**Work instruction:** Please take the lines from the one holding "Pastel Purple Blue" through the one holding "Bobs Red Mill" in the data below and copy them exactly.
BEGIN Material for this task
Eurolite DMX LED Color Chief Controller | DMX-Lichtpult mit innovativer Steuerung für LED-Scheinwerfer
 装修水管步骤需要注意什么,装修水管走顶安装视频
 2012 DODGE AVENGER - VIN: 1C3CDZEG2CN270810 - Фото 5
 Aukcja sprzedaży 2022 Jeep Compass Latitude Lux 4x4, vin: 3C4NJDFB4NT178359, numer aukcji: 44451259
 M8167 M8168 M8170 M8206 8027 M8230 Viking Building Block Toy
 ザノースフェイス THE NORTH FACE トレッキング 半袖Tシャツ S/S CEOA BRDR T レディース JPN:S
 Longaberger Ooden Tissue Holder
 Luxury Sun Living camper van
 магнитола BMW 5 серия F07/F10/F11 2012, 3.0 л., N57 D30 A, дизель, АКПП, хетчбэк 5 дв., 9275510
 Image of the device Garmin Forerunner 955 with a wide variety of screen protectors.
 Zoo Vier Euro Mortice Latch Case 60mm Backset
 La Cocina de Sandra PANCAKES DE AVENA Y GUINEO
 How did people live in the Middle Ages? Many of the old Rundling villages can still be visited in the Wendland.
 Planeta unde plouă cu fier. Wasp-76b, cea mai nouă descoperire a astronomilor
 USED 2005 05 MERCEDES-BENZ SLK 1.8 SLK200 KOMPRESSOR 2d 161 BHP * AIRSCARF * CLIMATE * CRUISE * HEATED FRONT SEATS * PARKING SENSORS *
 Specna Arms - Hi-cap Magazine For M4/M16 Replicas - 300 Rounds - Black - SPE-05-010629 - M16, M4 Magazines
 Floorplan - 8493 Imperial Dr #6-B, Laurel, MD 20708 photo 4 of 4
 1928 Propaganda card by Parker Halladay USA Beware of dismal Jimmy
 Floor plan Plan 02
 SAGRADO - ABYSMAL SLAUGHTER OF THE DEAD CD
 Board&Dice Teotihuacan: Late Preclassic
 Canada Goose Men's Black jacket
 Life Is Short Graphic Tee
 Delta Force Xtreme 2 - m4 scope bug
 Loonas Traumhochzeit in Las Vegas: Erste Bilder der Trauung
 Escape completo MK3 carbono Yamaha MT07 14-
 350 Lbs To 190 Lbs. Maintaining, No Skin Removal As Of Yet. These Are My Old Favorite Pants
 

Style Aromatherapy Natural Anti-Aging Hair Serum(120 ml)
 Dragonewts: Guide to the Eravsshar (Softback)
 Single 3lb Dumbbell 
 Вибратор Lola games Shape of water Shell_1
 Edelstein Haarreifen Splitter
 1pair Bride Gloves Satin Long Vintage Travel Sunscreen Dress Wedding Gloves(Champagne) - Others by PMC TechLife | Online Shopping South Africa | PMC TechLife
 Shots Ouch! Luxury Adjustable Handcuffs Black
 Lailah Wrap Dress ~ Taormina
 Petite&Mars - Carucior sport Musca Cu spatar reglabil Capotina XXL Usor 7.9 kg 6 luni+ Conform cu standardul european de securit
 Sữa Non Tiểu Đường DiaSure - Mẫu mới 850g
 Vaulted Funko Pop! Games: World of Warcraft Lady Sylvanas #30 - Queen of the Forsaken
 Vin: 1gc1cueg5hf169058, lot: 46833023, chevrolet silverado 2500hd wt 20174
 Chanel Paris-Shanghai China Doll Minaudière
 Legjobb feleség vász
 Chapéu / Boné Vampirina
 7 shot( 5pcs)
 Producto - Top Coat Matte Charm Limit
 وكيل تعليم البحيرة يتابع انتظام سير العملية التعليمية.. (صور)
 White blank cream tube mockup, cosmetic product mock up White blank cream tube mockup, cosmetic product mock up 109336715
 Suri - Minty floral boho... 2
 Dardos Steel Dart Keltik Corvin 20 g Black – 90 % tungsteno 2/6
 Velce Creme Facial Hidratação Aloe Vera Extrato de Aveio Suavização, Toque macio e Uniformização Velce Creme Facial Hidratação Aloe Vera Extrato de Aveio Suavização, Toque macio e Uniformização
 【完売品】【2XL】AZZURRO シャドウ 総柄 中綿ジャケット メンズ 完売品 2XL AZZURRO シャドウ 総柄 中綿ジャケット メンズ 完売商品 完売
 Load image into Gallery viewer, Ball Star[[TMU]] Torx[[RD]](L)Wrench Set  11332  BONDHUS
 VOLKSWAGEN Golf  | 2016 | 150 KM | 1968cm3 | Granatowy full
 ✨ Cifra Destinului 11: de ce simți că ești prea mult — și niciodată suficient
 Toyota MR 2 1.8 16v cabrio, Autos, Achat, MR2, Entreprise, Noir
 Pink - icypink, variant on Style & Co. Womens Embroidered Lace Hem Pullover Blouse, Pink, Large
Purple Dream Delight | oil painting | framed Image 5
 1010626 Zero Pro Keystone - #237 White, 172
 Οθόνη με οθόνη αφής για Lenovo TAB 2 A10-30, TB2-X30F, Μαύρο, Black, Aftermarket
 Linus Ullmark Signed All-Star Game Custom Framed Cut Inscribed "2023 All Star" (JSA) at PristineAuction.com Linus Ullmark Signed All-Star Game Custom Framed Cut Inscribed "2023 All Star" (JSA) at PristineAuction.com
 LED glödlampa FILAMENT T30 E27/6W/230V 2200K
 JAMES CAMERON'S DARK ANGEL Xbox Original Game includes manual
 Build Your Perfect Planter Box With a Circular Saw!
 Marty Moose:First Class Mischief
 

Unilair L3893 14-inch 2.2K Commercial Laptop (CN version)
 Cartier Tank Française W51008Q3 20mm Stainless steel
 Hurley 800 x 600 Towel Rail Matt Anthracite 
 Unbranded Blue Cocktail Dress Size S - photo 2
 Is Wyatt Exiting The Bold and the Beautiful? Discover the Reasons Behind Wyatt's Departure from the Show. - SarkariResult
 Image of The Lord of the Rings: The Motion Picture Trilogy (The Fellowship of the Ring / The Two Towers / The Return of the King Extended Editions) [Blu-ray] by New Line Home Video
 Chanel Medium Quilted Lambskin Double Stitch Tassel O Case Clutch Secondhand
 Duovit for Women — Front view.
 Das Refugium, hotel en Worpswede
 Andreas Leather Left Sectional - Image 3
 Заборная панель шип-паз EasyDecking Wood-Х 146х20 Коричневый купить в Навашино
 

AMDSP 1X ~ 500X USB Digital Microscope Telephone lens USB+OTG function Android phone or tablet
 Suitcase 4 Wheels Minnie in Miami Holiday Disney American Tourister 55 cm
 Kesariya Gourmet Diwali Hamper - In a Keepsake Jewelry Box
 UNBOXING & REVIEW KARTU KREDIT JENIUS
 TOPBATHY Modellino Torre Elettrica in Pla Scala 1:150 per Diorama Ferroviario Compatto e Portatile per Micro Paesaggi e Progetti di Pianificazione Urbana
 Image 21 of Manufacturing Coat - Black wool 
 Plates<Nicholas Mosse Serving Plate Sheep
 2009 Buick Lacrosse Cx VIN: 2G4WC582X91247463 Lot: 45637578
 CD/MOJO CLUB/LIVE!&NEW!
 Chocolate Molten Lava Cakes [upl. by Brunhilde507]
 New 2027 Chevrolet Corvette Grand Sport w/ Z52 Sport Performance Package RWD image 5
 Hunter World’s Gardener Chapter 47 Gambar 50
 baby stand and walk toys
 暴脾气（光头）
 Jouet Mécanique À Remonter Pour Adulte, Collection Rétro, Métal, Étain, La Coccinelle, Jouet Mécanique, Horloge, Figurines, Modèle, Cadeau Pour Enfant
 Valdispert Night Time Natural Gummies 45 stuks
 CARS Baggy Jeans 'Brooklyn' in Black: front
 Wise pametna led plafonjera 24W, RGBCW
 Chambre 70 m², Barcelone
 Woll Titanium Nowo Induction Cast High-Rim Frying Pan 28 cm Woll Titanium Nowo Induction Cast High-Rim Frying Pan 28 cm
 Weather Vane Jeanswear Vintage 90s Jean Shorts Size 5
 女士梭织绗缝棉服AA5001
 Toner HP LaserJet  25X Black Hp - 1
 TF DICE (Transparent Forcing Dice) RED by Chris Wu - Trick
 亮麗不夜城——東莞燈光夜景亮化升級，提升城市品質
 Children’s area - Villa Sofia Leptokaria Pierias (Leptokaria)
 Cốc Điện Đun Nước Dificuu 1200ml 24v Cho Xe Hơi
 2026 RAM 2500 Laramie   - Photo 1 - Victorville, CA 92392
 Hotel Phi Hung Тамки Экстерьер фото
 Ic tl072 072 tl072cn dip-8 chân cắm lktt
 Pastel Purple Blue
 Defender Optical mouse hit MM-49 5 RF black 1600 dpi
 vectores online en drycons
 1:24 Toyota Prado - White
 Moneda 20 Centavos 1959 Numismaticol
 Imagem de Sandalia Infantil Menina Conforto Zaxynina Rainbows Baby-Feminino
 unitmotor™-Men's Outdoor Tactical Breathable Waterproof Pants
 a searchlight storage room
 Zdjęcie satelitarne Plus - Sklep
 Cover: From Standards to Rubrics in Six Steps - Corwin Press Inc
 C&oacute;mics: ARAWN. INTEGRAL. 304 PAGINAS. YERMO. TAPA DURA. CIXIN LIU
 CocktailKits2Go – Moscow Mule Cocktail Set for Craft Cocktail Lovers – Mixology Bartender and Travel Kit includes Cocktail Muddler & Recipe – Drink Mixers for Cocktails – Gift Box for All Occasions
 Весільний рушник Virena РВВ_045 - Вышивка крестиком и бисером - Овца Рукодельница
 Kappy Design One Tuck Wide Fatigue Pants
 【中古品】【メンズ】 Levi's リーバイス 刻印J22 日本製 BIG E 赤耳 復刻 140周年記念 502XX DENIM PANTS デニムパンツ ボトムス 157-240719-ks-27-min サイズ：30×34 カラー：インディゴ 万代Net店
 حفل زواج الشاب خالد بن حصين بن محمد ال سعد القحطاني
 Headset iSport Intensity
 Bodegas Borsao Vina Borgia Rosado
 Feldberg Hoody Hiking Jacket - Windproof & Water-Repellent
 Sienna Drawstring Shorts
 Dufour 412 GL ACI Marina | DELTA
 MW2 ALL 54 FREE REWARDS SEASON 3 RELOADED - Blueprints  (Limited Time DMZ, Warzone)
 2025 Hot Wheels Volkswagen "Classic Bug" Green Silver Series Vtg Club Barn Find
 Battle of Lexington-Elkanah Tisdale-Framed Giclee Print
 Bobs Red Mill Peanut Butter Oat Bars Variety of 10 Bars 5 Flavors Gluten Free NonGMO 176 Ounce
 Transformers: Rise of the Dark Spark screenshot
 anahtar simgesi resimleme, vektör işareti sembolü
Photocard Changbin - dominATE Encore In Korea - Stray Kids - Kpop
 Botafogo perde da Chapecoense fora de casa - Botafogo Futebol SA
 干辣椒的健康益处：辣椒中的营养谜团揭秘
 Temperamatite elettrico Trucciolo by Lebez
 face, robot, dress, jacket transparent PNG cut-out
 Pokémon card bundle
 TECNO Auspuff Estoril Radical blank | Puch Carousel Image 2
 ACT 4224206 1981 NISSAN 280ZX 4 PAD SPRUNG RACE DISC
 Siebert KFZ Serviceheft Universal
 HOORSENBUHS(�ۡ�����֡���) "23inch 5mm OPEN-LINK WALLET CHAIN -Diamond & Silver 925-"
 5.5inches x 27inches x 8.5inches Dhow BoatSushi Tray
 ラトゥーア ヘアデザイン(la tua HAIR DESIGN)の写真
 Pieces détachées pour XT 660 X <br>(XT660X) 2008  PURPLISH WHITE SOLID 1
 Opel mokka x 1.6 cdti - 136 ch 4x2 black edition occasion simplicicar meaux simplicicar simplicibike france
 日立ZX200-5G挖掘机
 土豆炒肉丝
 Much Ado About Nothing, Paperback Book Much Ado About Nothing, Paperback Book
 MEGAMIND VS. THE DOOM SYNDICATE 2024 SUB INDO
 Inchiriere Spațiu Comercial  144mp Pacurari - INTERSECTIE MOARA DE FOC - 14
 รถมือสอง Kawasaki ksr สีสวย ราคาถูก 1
END Material for this task
**Written answer:**
 Pastel Purple Blue
 Defender Optical mouse hit MM-49 5 RF black 1600 dpi
 vectores online en drycons
 1:24 Toyota Prado - White
 Moneda 20 Centavos 1959 Numismaticol
 Imagem de Sandalia Infantil Menina Conforto Zaxynina Rainbows Baby-Feminino
 unitmotor™-Men's Outdoor Tactical Breathable Waterproof Pants
 a searchlight storage room
 Zdjęcie satelitarne Plus - Sklep
 Cover: From Standards to Rubrics in Six Steps - Corwin Press Inc
 C&oacute;mics: ARAWN. INTEGRAL. 304 PAGINAS. YERMO. TAPA DURA. CIXIN LIU
 CocktailKits2Go – Moscow Mule Cocktail Set for Craft Cocktail Lovers – Mixology Bartender and Travel Kit includes Cocktail Muddler & Recipe – Drink Mixers for Cocktails – Gift Box for All Occasions
 Весільний рушник Virena РВВ_045 - Вышивка крестиком и бисером - Овца Рукодельница
 Kappy Design One Tuck Wide Fatigue Pants
 【中古品】【メンズ】 Levi's リーバイス 刻印J22 日本製 BIG E 赤耳 復刻 140周年記念 502XX DENIM PANTS デニムパンツ ボトムス 157-240719-ks-27-min サイズ：30×34 カラー：インディゴ 万代Net店
 حفل زواج الشاب خالد بن حصين بن محمد ال سعد القحطاني
 Headset iSport Intensity
 Bodegas Borsao Vina Borgia Rosado
 Feldberg Hoody Hiking Jacket - Windproof & Water-Repellent
 Sienna Drawstring Shorts
 Dufour 412 GL ACI Marina | DELTA
 MW2 ALL 54 FREE REWARDS SEASON 3 RELOADED - Blueprints  (Limited Time DMZ, Warzone)
 2025 Hot Wheels Volkswagen "Classic Bug" Green Silver Series Vtg Club Barn Find
 Battle of Lexington-Elkanah Tisdale-Framed Giclee Print
 Bobs Red Mill Peanut Butter Oat Bars Variety of 10 Bars 5 Flavors Gluten Free NonGMO 176 Ounce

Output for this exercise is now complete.